Periodic Reporting for period 2 - HealthyCloud (HealthyCloud – Health Research & Innovation Cloud)

Période du rapport: 2022-09-01 au 2023-11-30

Health systems today generate and collect vast amounts of health-related data. Simultaneously, research networks compile patient and/or population-level health data for various diseases in research cohorts. European research infrastructures like BBMRI and ECRIN work on harmonizing the collection of biological samples and promoting clinical trial development for broader researcher reuse. However, challenges such as dispersed data generation, ethical/legal constraints, unstructured clinical data, limited interoperability, and a lack of specific computing resources hamper health data's use in research.

Data sharing for secondary use, using data generated in healthcare systems not for care activities but for research, will be key driver of the digital revolution in health research. The convergence of health data availability and Big Data techniques is expected to revolutionize healthcare by facilitating unprecedented studies. This includes benefits for drug development, utilizing real-life effectiveness data of known drugs. Moreover, artificial intelligence models derived from high-quality FAIR (Findable, Accessible, Interoperable, and Reusable) data may enable novel decision support systems. The FAIRification of high-quality health data and its integration for secondary use could usher in a new era of personalized medicine, focusing on individual genetic profiles and their interactions with lifestyle and environmental factors.

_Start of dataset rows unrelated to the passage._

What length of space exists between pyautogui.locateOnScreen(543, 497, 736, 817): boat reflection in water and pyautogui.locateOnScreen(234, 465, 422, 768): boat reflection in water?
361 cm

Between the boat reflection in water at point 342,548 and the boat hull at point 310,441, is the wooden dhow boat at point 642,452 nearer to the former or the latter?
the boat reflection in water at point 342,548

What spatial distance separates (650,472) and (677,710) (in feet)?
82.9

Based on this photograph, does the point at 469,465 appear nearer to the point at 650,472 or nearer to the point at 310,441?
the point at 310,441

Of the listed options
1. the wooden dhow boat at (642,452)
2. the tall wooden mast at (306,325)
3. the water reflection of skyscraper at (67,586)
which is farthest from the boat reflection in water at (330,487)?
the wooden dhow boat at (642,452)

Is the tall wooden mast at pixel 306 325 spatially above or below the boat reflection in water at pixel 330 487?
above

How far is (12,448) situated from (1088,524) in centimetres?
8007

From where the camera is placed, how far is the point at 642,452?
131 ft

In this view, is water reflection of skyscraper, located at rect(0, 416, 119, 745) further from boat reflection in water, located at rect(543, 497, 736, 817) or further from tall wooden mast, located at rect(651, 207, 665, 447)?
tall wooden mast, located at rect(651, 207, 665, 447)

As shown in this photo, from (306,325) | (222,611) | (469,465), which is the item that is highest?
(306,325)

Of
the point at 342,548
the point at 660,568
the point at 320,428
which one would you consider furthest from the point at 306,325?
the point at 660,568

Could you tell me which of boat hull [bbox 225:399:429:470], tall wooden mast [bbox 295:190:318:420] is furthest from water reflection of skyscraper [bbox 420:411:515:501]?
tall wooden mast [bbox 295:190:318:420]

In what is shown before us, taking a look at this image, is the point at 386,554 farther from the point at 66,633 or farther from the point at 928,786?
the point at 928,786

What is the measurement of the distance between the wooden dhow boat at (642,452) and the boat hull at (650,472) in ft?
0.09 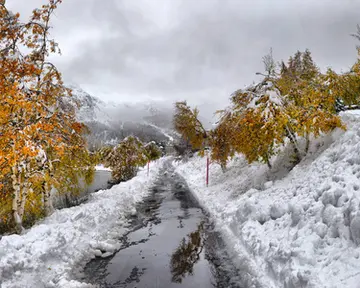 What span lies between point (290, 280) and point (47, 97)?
1067cm

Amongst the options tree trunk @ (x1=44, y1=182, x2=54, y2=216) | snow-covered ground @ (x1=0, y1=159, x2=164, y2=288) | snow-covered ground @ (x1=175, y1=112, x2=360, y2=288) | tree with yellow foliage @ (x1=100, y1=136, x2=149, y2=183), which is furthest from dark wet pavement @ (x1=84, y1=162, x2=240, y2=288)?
tree with yellow foliage @ (x1=100, y1=136, x2=149, y2=183)

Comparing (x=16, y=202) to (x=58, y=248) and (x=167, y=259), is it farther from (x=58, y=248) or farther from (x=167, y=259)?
(x=167, y=259)

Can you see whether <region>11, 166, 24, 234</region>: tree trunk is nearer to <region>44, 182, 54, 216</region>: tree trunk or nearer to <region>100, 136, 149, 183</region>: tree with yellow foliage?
<region>44, 182, 54, 216</region>: tree trunk

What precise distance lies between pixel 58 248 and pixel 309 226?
238 inches

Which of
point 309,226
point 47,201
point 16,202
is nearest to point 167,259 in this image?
point 309,226

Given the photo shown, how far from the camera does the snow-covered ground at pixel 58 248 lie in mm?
5676

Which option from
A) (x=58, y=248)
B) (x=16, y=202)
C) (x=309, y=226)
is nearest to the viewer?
(x=309, y=226)

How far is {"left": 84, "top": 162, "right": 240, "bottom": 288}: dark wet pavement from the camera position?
5.91 meters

Crucially, FAIR data has the potential to enhance data-driven decision-making across the healthcare value chain, providing better-informed insights for researchers, healthcare professionals, regulators, HTA bodies, and policymakers, ultimately positively impacting healthcare organisation and management.

HealthyCloud aims to drive this convergence of health data availability and Big Data techniques and align health data expertise shared between European and international actors to lay the foundations for the future European Health Research and Innovation Cloud (HRIC). The HRIC will enable health data sharing, secondary use of health data and data analytics capabilities to push the boundaries of health research, within an ethically sound and legally compliant framework that fosters patient and citizen trust. To this end, HealthyCloud produced a Strategic Agenda based proposing the following services:

- A monitoring service for health-related research to periodically survey the landscape of data-driven health research activities in Europe, capturing developments and gathering feedback from research communities.
- A legal/regulatory guidance service to provide guidance, compliance support, and advocacy for collective interests for the use and re-use of health-related data for research, innovation and policy-making purposes.
- A metadata standards and data interoperability guidance service to Provision of information, training, and guidance for consistently using data and metadata standards, aiming to improve the findability and interoperability for data use and re-use.
- A health research community interface service, with the EOSC to set a reference point to foster the interaction between EOSC service providers and health researchers.
- and, a health research community interface service, with EHDS to establish a direct communication channel to facilitate the integration and adoption of European Health Data Space (EHDS) capabilities into health-related research communities.
The work performed from the beginning of the project has been structured in three main dimensions: the data dimension, the computation dimension, and the Ethical, Legal and Societal Impact (ELSI) dimension.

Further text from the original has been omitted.